The essays also reach beyond the obvious genres and include little-known texts, situating them, within a wider debate about national origins, linguistic identities, and political entitlements.
Print culture and oral tales, drama and gender, library use and publishing history, theatre and audiences, detective fiction and low-caste novels art' among the topics covered.
About the Author
Stuart Blackburn's several books include Print, Folklore and Nationalism in Colonial South India (2003) He is directing a five-year research project on cultural change in Arunachal Pradesh, India.
Vasudha Dalmial is Professor of Hindi at the University of California, Berkeley. She is the author of The Nationalization of Hindu Traditions: Bharatendu Harishchandra in Nineteenth-century Benares (1997).
Introduction
Ever since Clifford Geertz transformed the drama of Balinese cockfighting into a text, and new historicism made the complementary gesture of returning culture to the centre of literary studies, students of literature, history and culture have shared a common vocabulary, key concepts and points of reference. This convergence has led to a reorientation in the study of literary history. The periodisation, assessment and attribution that characterised earlier literary historiography have been replaced by an effort to understand the place of literature in history, largely through an analysis of the textual production of cultural meaning and the socio-political conditions of creating texts. To this end, the emphasis has been reflexive, focusing on the writing of literary history itself, as well as on the processes of canonisation and the reinvention of tradition. The present book, we hope, opens up this emerging field of critical literary history to nineteenth-century India.

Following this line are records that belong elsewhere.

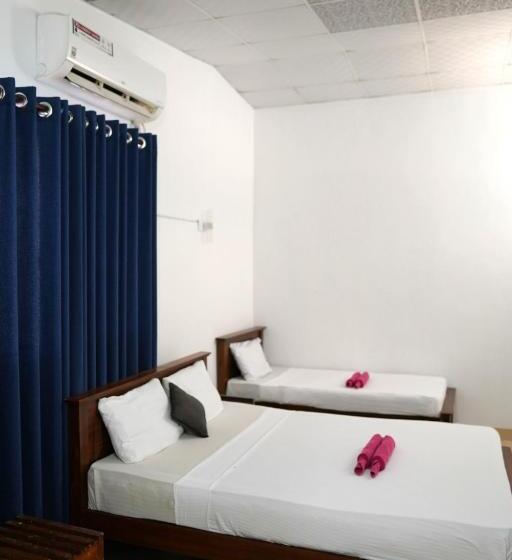 Cameră Triplă Standard, Pub Ceylon Hostel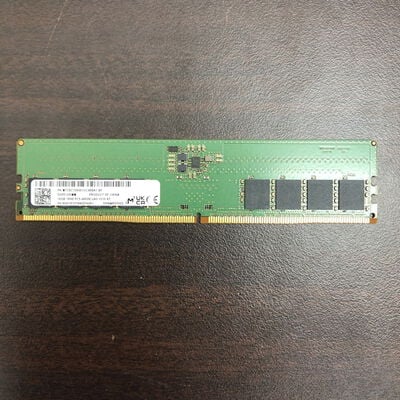 【福山ココローズ店】中古  PC5-38400 16GB デスクトップ用 149151 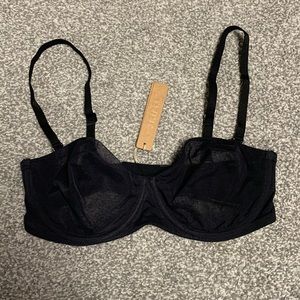 NWT skims bra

At the outset we should remind ourselves that literary history is itself relatively recent field of enquiry. In Europe, literary historiography is generally acknowledged as having emerged in the eighteenth century, as part of a more general intellectual shift born of the Enlightenment. A central characteristic of this new sensibility, as seen all over Europe in the literary nationalisms that underlay Romanticism, was the belief that literature recorded a people's past and sustained their cultural identity; this literary past, in turn, was a living patrimony to be preserved and passed down. This new sense of history was fostered by writers, folklorists, novelists and, especially in the British Isles, by a band of antiquarians who were fascinated by relics and their own inventions of ancient bardic poetry.
The modern study of Indian literary history may also be traced to the eighteenth century, when it was researched and reflected upon by the early Orientalists. Literary histories did exist before, as reflected in medieval hagiographies of poet-saints and in anthologies of poems compiled in Indian languages right up to the nineteenth century and after. However, these early compendia were more concerned with chronological listings of literary works, including origins, attribution and textual explications, than with a literary history that attempted to understand texts in their wider cultural and historical frameworks. A modern literary-historical sensibility developed only in the nineteenth century, as part of a gradual movement from merely recording the past to rewriting it within a wider public debate about national origins, linguistic identities and political entitlements. The growth of Indian literary historiography is thus best viewed alongside similar and concurrent attempts to recover the past-the writing of historical novels and the institutionalisation of the fields of archaeology, epigraphy, anthropology and folklore-all of which developed in concert with new articulations of nationhood in the final third of the century.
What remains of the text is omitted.